As written and without pictures, set down the lines from the one that contains "Miss | Hoodie" through the end of the data.
##############################
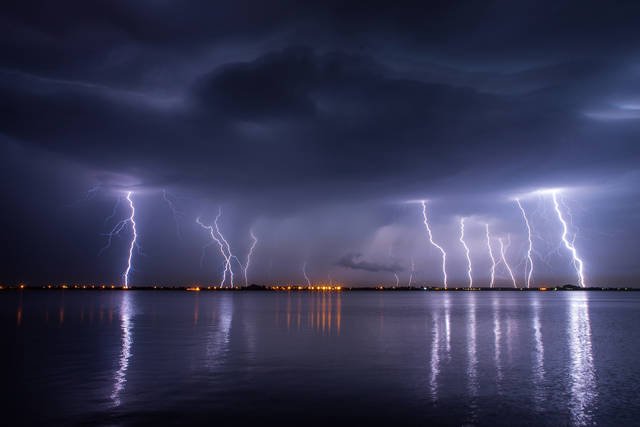 Place where lightning strikes 28 times in a minute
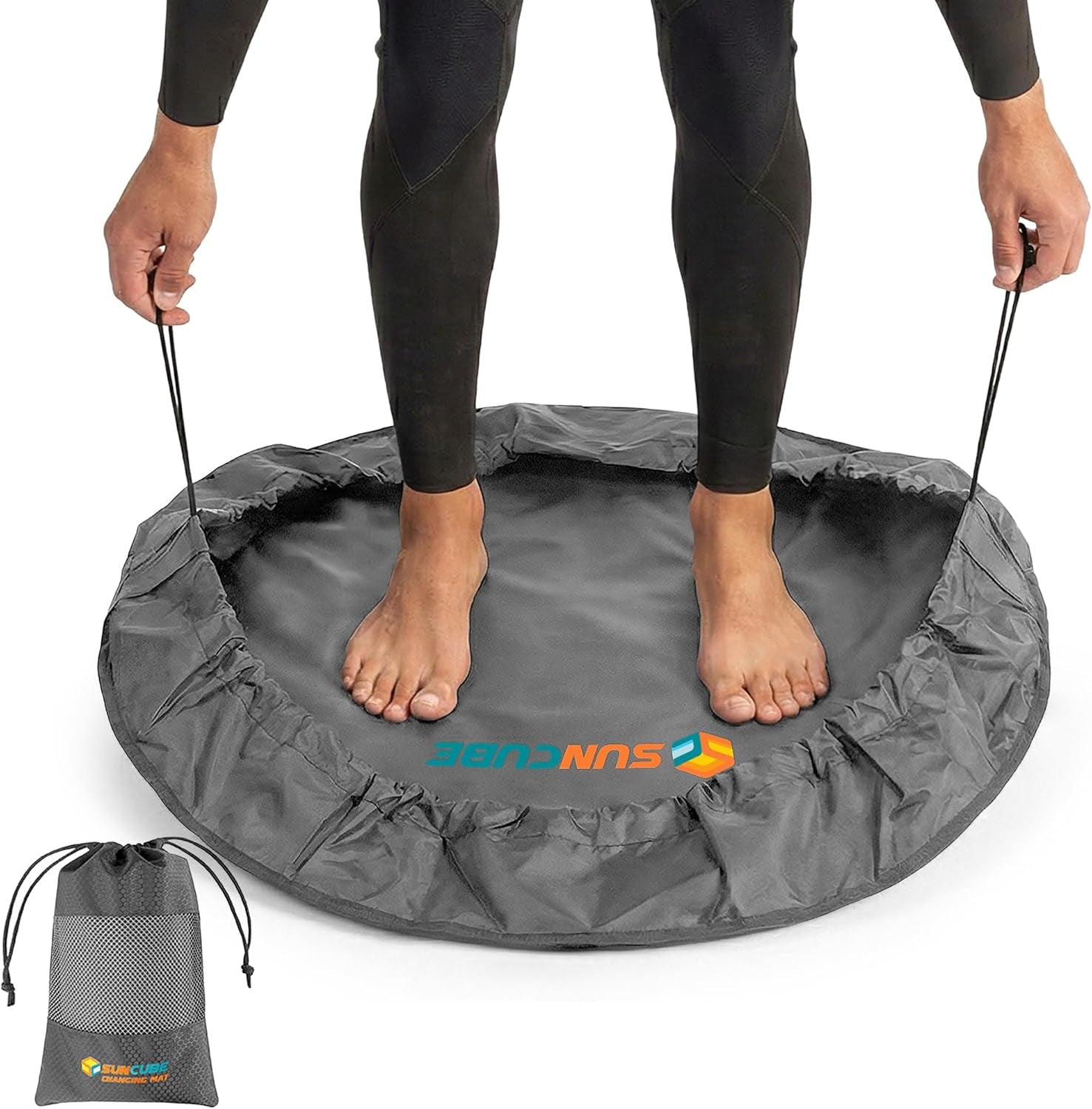 Wetsuit Changing Mat, Waterproof Surf Bag, Drawstring Wetsuit Bag, Surfing Accessories for Kayakers, Dry Bag for Beach, Durable Compact No Leak Mat for Scuba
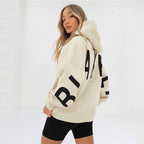 Miss | Hoodie Dames Oversized - Katoenmix - Miss Madera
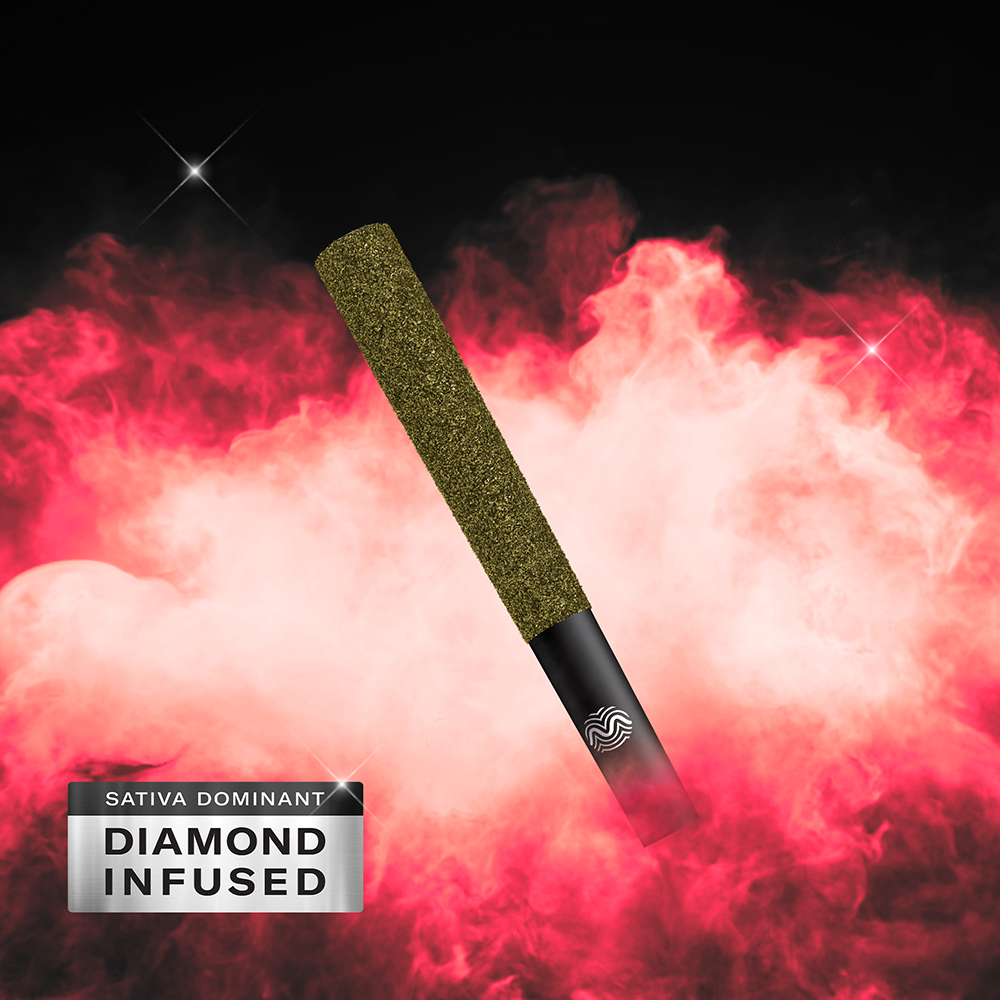 Photograph of product: Rythm | Pre-Roll | Strawberry Sour Diesel Pre-Roll (Infused)
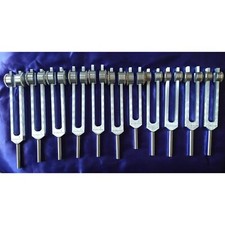BIOSONICS Planetary Tuners WEIGHTED Set of 11 Tuning Forks Sound Healing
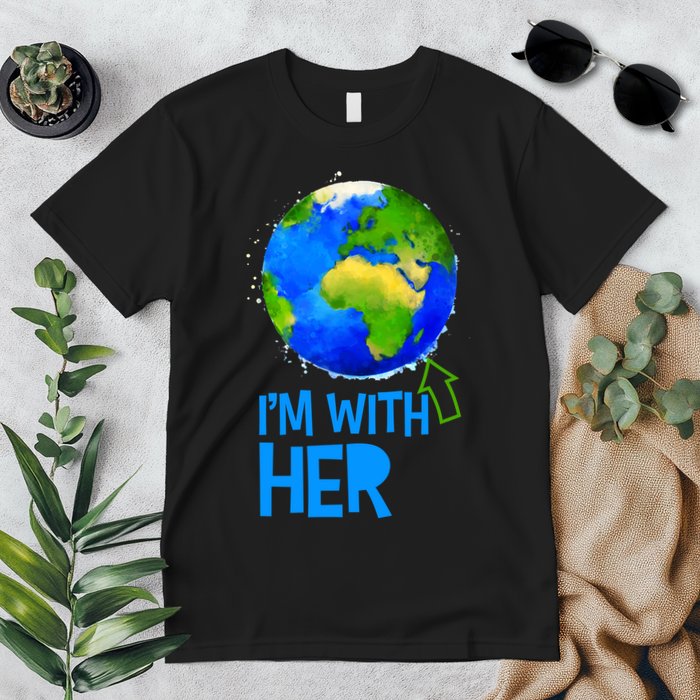 March For Science I'm With Her Earth Globe Scientists Premium T-Shirt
##############################
→ Problem solution
 Miss | Hoodie Dames Oversized - Katoenmix - Miss Madera
 Photograph of product: Rythm | Pre-Roll | Strawberry Sour Diesel Pre-Roll (Infused)
BIOSONICS Planetary Tuners WEIGHTED Set of 11 Tuning Forks Sound Healing
 March For Science I'm With Her Earth Globe Scientists Premium T-Shirt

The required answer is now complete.